Among the renewable energy sectors that received asset financing last year, 83 deals in wind energy (including the 1 GW London Array) received US$13.9bn; 29 deals in biomass received US$3.3bn; 35 deals in solar were US$1.6bn; 11 deals in small hydro received US$1.1bn; three deals in geothermal received US$0.5bn and three deals in marine energy received US$0.1bn.
Clean energy investment via public markets totaled US$13bn, also down 5% from 2008, while investment in privately-owned companies by venture capital and private equity funds saw a larger decrease, with only US$6.6bn invested, down 44% from the previous year.
The balance of new funding in clean energy was invested by governments (US$11bn), companies (US$9bn) and property owners (US$20bn) which includes residential small-scale projects such as rooftop solar panels. Both government RD&D and small-scale clean energy projects increased in 2009, helping to offset the effect of the recession on the sector.
Europe and Americas hit by recession
Clean energy investment in both Europe and the Americas was adversely affected by the financial crisis, as commercial banks reduced the credit for renewable energy projects, leaving public sector institutions (such as the European Investment Bank) to make up the slack.
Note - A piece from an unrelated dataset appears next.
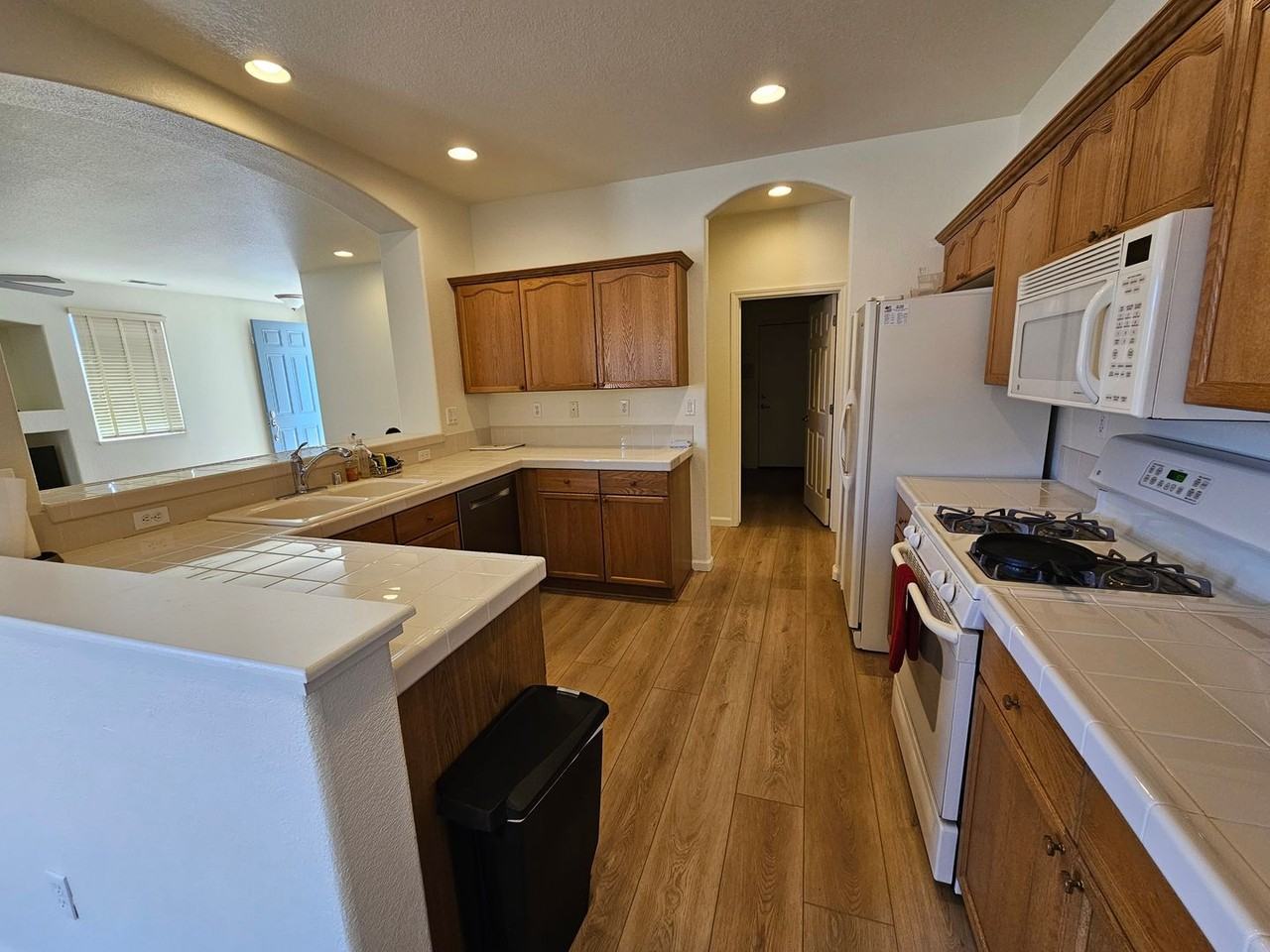 1731 Camaraderie Way - Photo 3 of 10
Initial public offerings were scarce in the first half of 2009 before bouncing back, while venture capital investors slowed their strong investments in 2008 and have remained cautious since, according to the report.
“The 2009 global investment numbers are higher than we expected even just a few weeks ago,” explains Michael Liebreich of Bloomberg New Energy Finance. “Clean energy remains a sector with strong long-term growth fundamentals even during hard economic times, and Asia has arrived not just as a big consumer of energy, but also as a heavyweight investor in clean energy capacity.”
Clean energy investment in China surged last year, including a US$2.6bn IPO in December by wind developer China Longyuan Power. Asset finance was also active, with China investing in large-scale wind and solar projects sited far from population centres. Overall, China’s asset finance investment in new wind energy last year was US$21.8bn, up 27%, while investment in solar jumped 97% to US$1.9bn.
“China‘s focus until recently was mainly on building its domestic manufacturing base, particularly in wind and solar photovoltaics,” says Liebreich. “What changed in 2009 was the focus on scaling up Chinese generation capacity to meet demand, which has clearly been identified as one of the ways it will meet its new commitment to bring down its emissions as a proportion of GDP.”
Global clean energy investment
New global clean energy investment in the fourth quarter of 2009 was US$27bn, down from US$32.9bn in Q3 but slightly up from the US$26.3bn in Q4 2008. An unexpected development was the rebound in new public market fund-raisings, with US$4.9bn raised in Q4 2009 and US$4.6bn in Q3, compared with US$1.2bn in Q4 2008 and almost nothing in Q1 2009.
Bloomberg New Energy Finance
Bloomberg New Energy Finance is an independent provider of research in renewable energy, carbon markets, energy efficiency, biofuels, carbon capture and storage, and nuclear power. Bloomberg purchased New Energy Finance in December 2009, and renamed the company Bloomberg New Energy Finance.